- **Assigned task**: Look below for the line containing "DEUXIEME CLASSE - 超美品", then write out that line and every line after it to the end, exactly, minus the pictures.

- **Recorded information**:
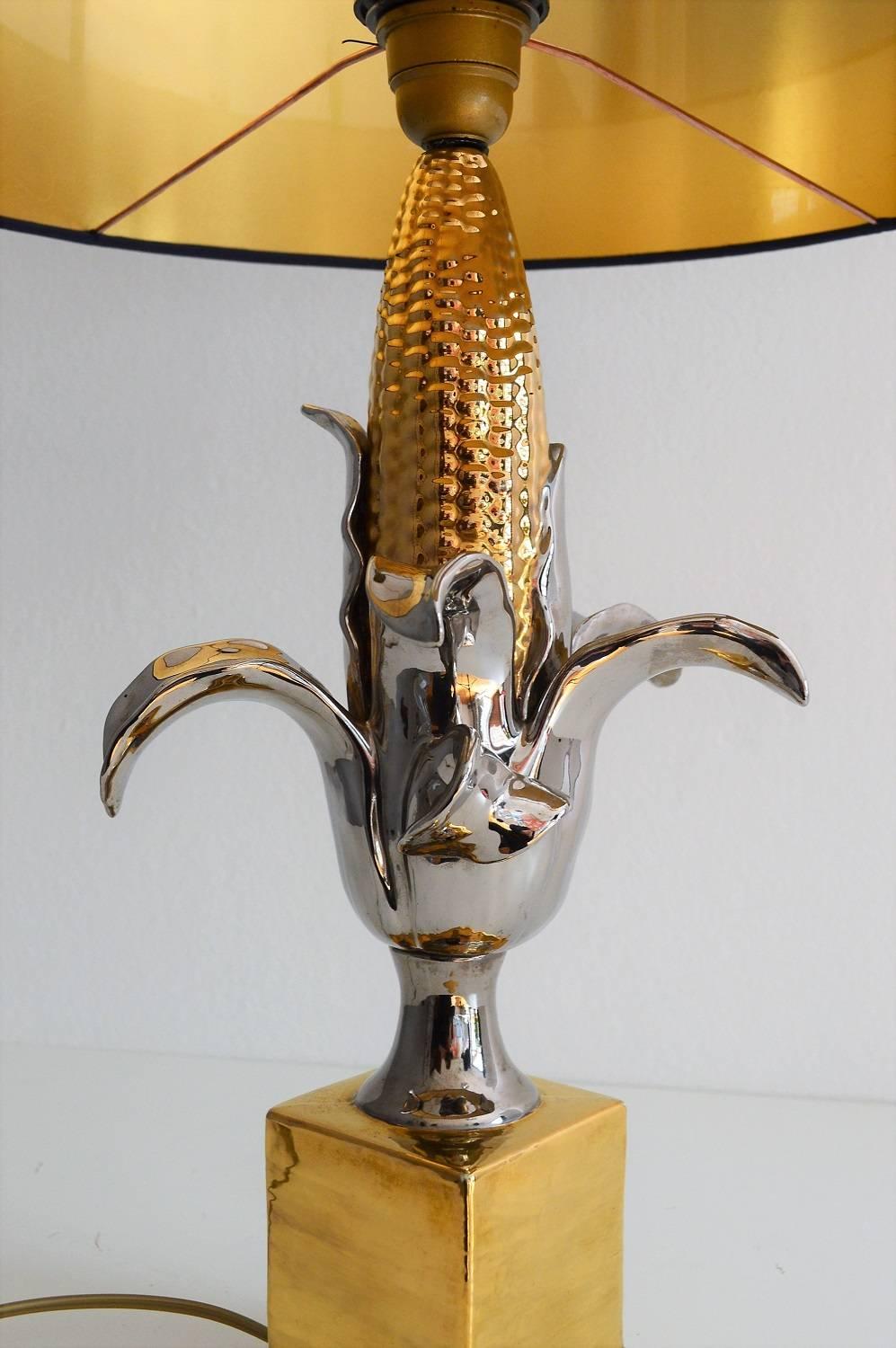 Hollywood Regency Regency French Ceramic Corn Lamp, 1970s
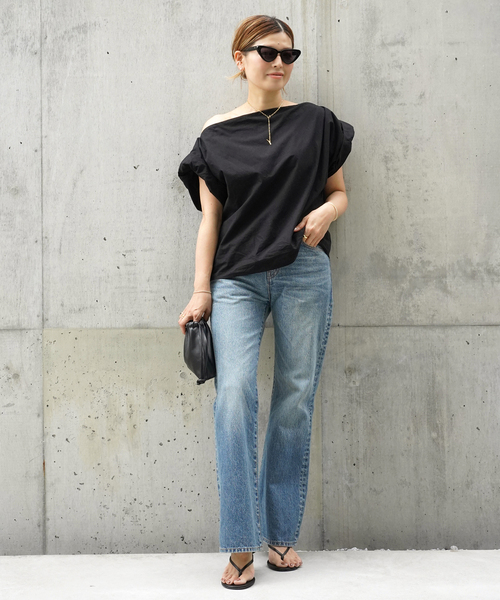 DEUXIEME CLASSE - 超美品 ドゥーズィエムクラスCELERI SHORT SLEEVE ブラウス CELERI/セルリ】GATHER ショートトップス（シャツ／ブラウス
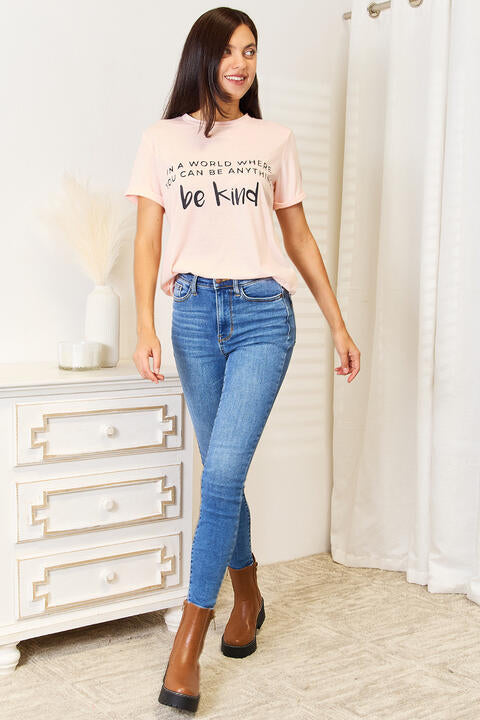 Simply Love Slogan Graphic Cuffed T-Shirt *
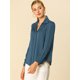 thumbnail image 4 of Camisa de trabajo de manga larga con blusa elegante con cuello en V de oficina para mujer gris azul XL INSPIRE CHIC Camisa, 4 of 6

- **Solution to the problem**:
 DEUXIEME CLASSE - 超美品 ドゥーズィエムクラスCELERI SHORT SLEEVE ブラウス CELERI/セルリ】GATHER ショートトップス（シャツ／ブラウス
 Simply Love Slogan Graphic Cuffed T-Shirt *
 thumbnail image 4 of Camisa de trabajo de manga larga con blusa elegante con cuello en V de oficina para mujer gris azul XL INSPIRE CHIC Camisa, 4 of 6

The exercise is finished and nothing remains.